= Fettesgate =

Scandal involving the Lothian and Borders police force

Fettesgate was the term given to a major scandal involving the Lothian and Borders Police force in the 1990s, from its Fettes Avenue headquarters near Fettes College in Edinburgh.

The "Fettesgate scandal", as the incident was quickly called, began in the early hours of 19 July 1992, when burglars spent three hours in the Fettes headquarters of the police force. The break-in, through an unsecured window of the Scottish Crime Squad’s ground-floor offices in the HQ building, led to several confidential documents being stolen and Animal Liberation Front slogans being sprayed on the walls.

Two journalists who reported on the incident after receiving tip-offs were arrested:
- Alan Muir, a reporter for The Sun, wrote a story based on an anonymous telephone call on the day of the incident, and was detained for six hours, and
- Ron McKay, a journalist for Scotland on Sunday found documents after another anonymous call six days later. When he wrote a story based on the documents, he was arrested at dawn, while at his girlfriend's house in Chatham, Kent. He was held overnight, and charged with reset, the crime under Scots law of receiving stolen property. The charges were dropped six months later.

The stolen documents concerned the police's use of "telephone metering"; recording the destination and duration of suspects' telephone calls, without listening in on them. Although this was regarded as legal, the controversy led to a debate about privacy and what safeguards were needed regarding information gathered in this way.
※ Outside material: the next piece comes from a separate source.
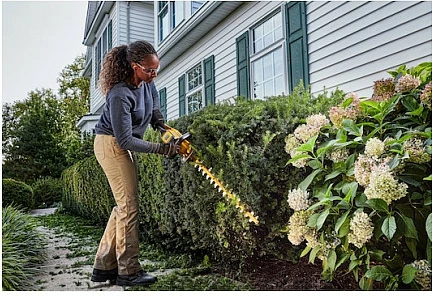 Gërshërë akumulatori për gardh DeWALT FlexVolt 54V, shinë 65 cm, bateri 9Ah, verdhë/zezë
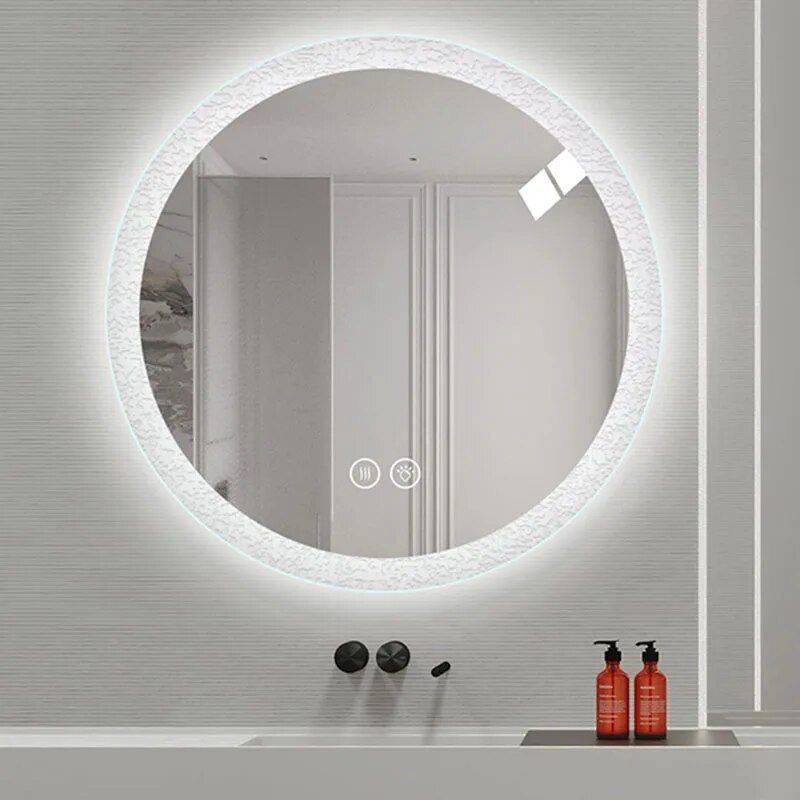 LED Touch Mirror – Frameless Aesthetic Bathroom Decor with Magnifying Feature Bathroom Mirrors Color : White|Colorful LED Touch Mirror - Frameless Aesthetic Bathroom Decor with Magnifying Feature Bathroom Mirrors Color : White|Colorful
The theft of such sensitive material from what should have been such a secure place—a police headquarters—led to questions about the competence of the Lothian and Borders force to take charge of the European summit in Edinburgh later that year.

It transpired that the Animal Liberation Front had not been involved in the break-in. The chief constable later admitted that the treatment of Mr McKay was tactless and apologised to the editor of Scotland on Sunday. Nobody has been charged with the break-in.

The return of the sensitive files was allegedly the result of senior detectives reaching an immunity deal with a man close to the city’s gay criminal underworld. An internal report is believed to have been completed by the police force on the matter, but has never been released to the public.